Spirit Near "Stapledon" on Sol 1802 (Stereo)
NASA Mars Exploration Rover Spirit used its navigation camera for the images assembled into this stereo, full-circle view of the rover's surroundings during the 1,802nd Martian day, or sol, (January 26, 2009) of Spirit's mission on the surface of Mars. South is at the center; north is at both ends.
This view combines images from the left-eye and right-eye sides of the navigation camera. It appears three-dimensional when viewed through red-blue glasses with the red lens on the left.
Spirit had driven down off the low plateau called "Home Plate" on Sol 1782 (January 6, 2009) after spending 12 months on a north-facing slope on the northern edge of Home Plate.
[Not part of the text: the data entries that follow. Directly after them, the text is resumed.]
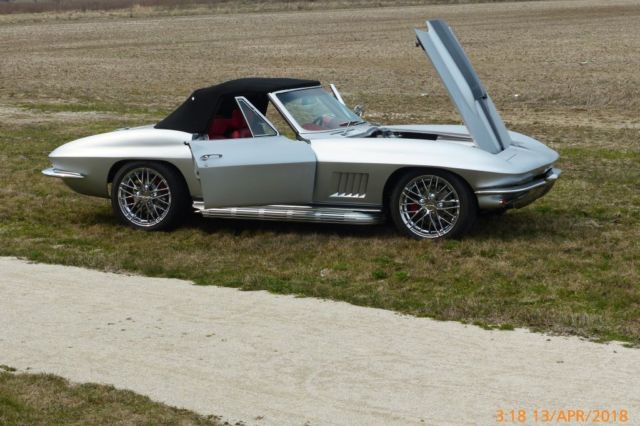1967 Chevrolet Corvette Restomod - photo 3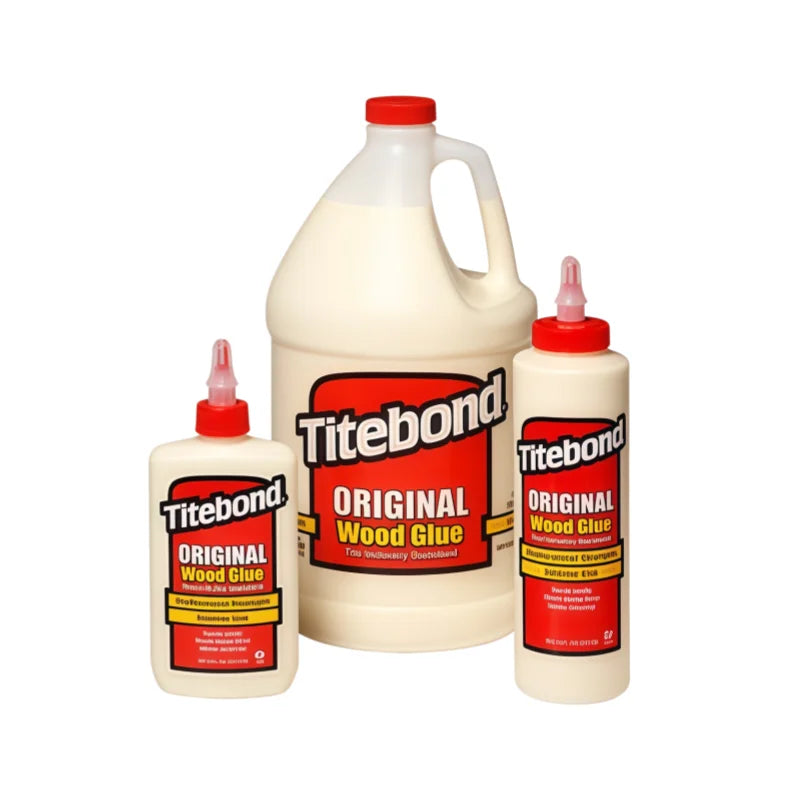 Titebond I II III Wood Glue Professional Strong Bond Adhesive Waterproof Interior Exterior Woodworking Glue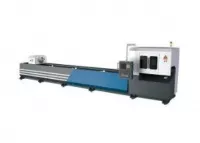 FL-6000R-4000-D220-IPG Лазерная установка для резки металлических труб круглого и профильного сечения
The position on the slope tilted Spirit's solar panels toward the sun, enabling the rover to generate enough electricity to survive its third Martian winter. Tracks on the right-hand side of this panorama can be seen leading back to that "Winter Haven 3" site from the Sol 1802 position about 10 meters (33 feet) away. For scale, the distance between the parallel wheel tracks is about one meter (40 inches).
Where the receding tracks bend to the left, a circular pattern resulted from Spirit turning in place at a soil target informally named "Stapledon" after William Olaf Stapledon, a British philosopher and science-fiction author who lived from 1886 to 1950. Scientists on the rover team suspected that the soil in that area might have a high concentration of silica, resembling a high-silica soil patch discovered east of Home Plate in 2007. Bright material visible in the track furthest to the right was examined with Spirit's alpha partical X-ray spectrometer and found, indeed, to be rich in silica.
The team laid plans to drive Spirit from this Sol 1802 location back up onto Home Plate, then southward for the rover's summer field season.
This view is presented as a cylindrical-perspective projection with geometric seam correction.